Sans collier

Sans collier

Un titre comme une prédiction, Michèle Pedinielli n’aurait pu choisir meilleur titre pour son dernier roman. Pas d’entrave ni de retenue dans cette écriture qui déroule le parallèle des cani sciolti, des anti-conformistes, deux côtés de la frontière italienne.

Parler d’un livre mais ne pas en dévoiler l’intrigue, expliquer sa substance et conserver son mystère, pour vous le faire aimer. Je n’aurai nul besoin de trop d’effort tant l’entrelacement des histoires rend leur narration irremplaçable. Terminée la verticalité exprimée dans La patience de l’Immortelle, densifiée la détermination échevelée de Diou dans Boccanera. Michèle Pedinielli installe ses personnages baroques au cœur de notre déshérence. Loin des clichés azuréens, elle situe dans un Nice authentique et violent le parcours orbe de son enquête.

Mais elle relie l’histoire déterminée d’une jeunesse italienne toute de beauté et d’intelligence aux calculs mesquins, aux instincts vulgaires et sanglants que perpétue l’ordre établi. Ce va-et-vient dans le temps et la solitude des faibles qui les réunit nous laisse dans une perplexité grandissante. Où veut-elle aller, comment va-t-elle relier ces destins qui se brisent pour les uns et se forgent pour les autres ? La quête patiente de Diou glisse lentement dans un cloaque où ses héros magnifiques et décalés abondent. Toutes leurs transgressions, les phobies et les handicaps ne sont que des remparts contre leurs solitudes et la peur obsidionale de ressembler à la multitude.

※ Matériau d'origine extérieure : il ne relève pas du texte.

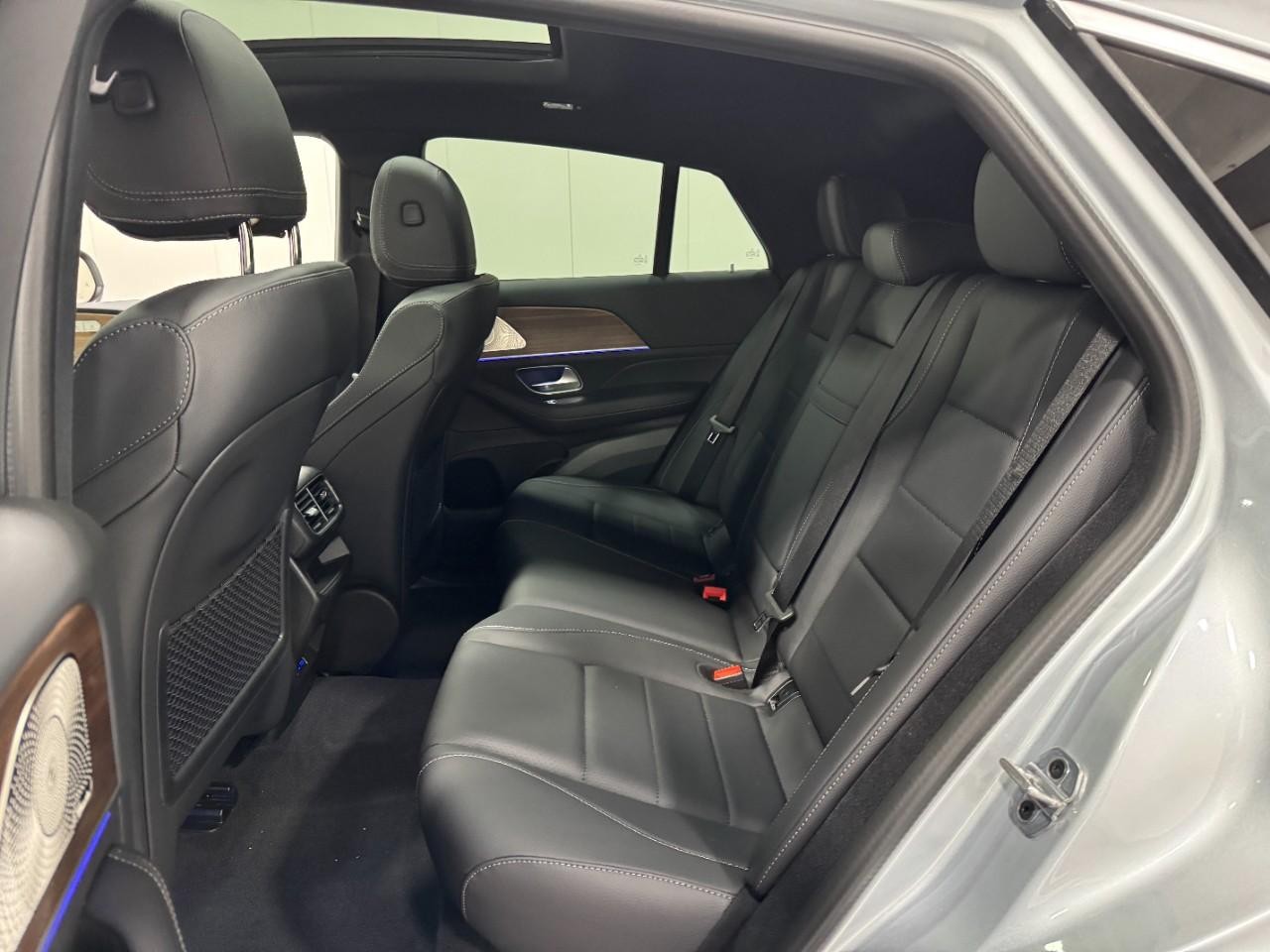 Mercedes-Benz GLE Vehicle Full-screen Gallery Image 8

Le monde de Diou Boccanera est fait d’une humanité qui n’a ni code ni calcul, un monde de chaleur et de temps qui file. Et la boucle de la vie, cruelle et injuste revient sans cesse pour terminer des histoires qui finissent mal. Lentement, avec pour seule arme une altérité qui rassemble, les mystères se résolvent et la douleur augmente. Ne cherchez pas l’espoir, n’attendez pas l’allégresse, elles sont absentes comme pour ces « cani sciolti » qui courent après la justice. Les coupables ne sont pas toujours les plus puissants et les vainqueurs demeurent absents. Mais dans les odeurs que l’on devine, la pénombre du vieux Nice qui se rit du ciel et impose ses ombres, on se surprend à goûter une absence banale, celle de ces bonheurs jamais croisés. Si nos vies ne sont pas toutes peuplées de Dan et de Jo, elles ont sûrement, enfouies dans nos silences les mêmes accents de tristesse heureuse. Semblable à un Philippe Marlowe privé de ses poings, la détective Diou Boccanera incarne le personnage nostalgique de l’héroïne qui n’en est pas une.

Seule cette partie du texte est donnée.